== YOUR OBJECTIVE ==
Repeat each record exactly, skipping the pictures.

**** AVAILABLE RECORDS

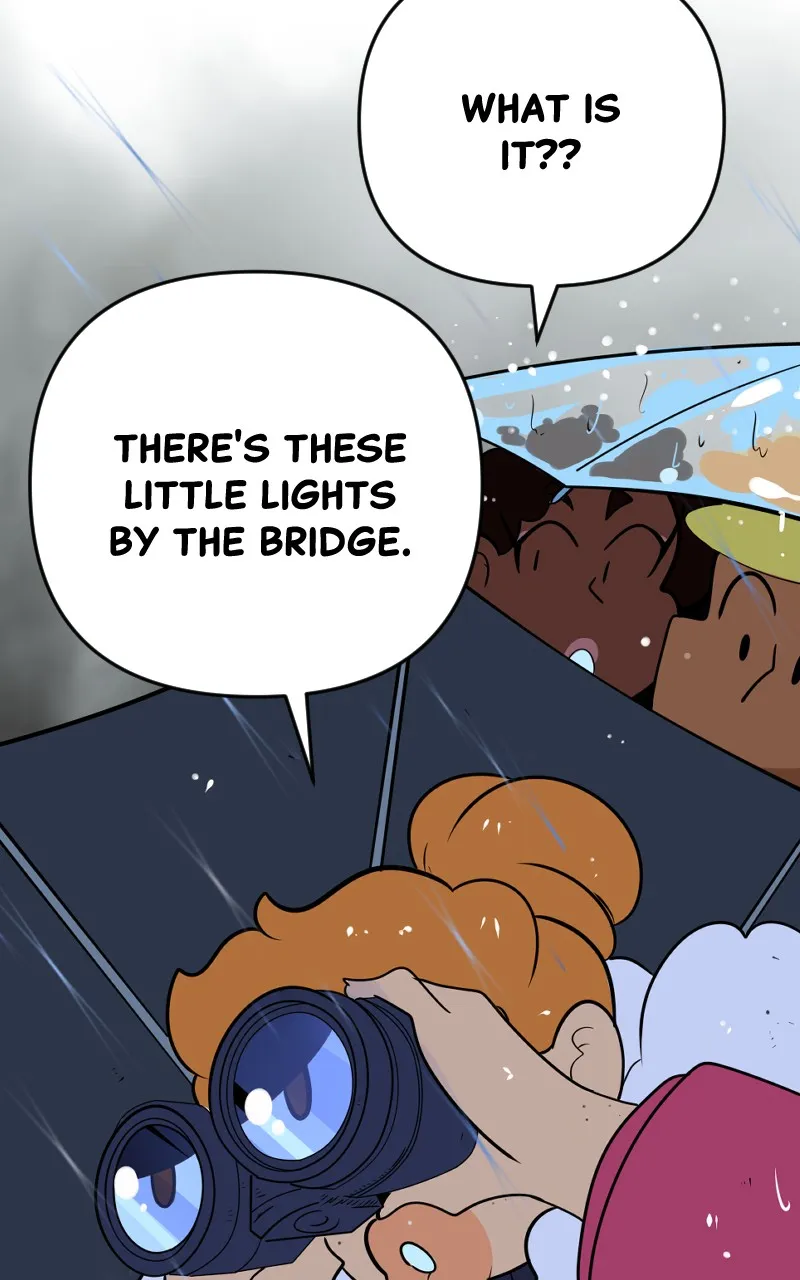 Dungeons & Dentists Chapter 37 page 44 - 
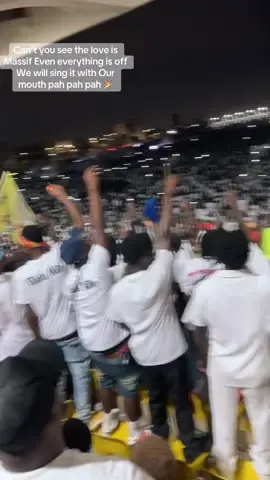 The love is crazy @Shatta wale #crown #Happy #bbnaijaseason7 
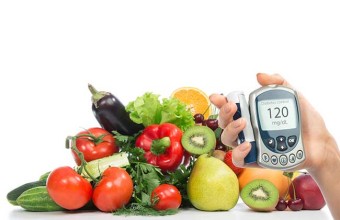 Diabete e alimentazione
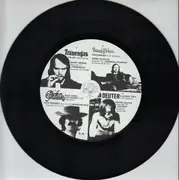 LP - Deuter, Ihre Kinder, Tränengas... - Sieben Siebzig - Kuckuck Sampler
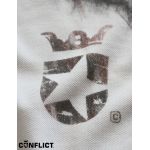 Polo shirt Winter warrior white S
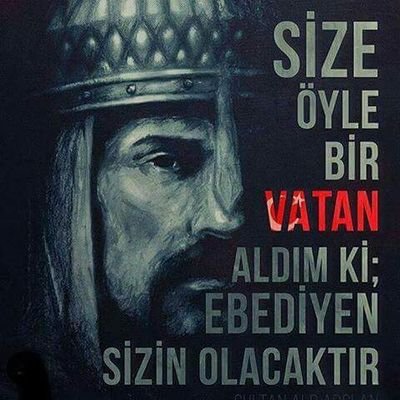 Allah'ım ne için yarattıysan onun için yaşat...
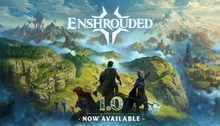 Enshrouded - Deluxe Edition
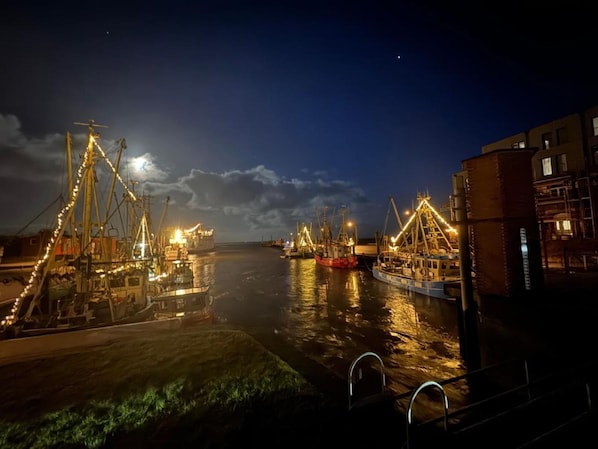 Marina/club náutico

********

== RESULT OF THIS EXERCISE ==
 Dungeons & Dentists Chapter 37 page 44 - 
 The love is crazy @Shatta wale #crown #Happy #bbnaijaseason7 
 Diabete e alimentazione
 LP - Deuter, Ihre Kinder, Tränengas... - Sieben Siebzig - Kuckuck Sampler
 Polo shirt Winter warrior white S
 Allah'ım ne için yarattıysan onun için yaşat...
 Enshrouded - Deluxe Edition
 Marina/club náutico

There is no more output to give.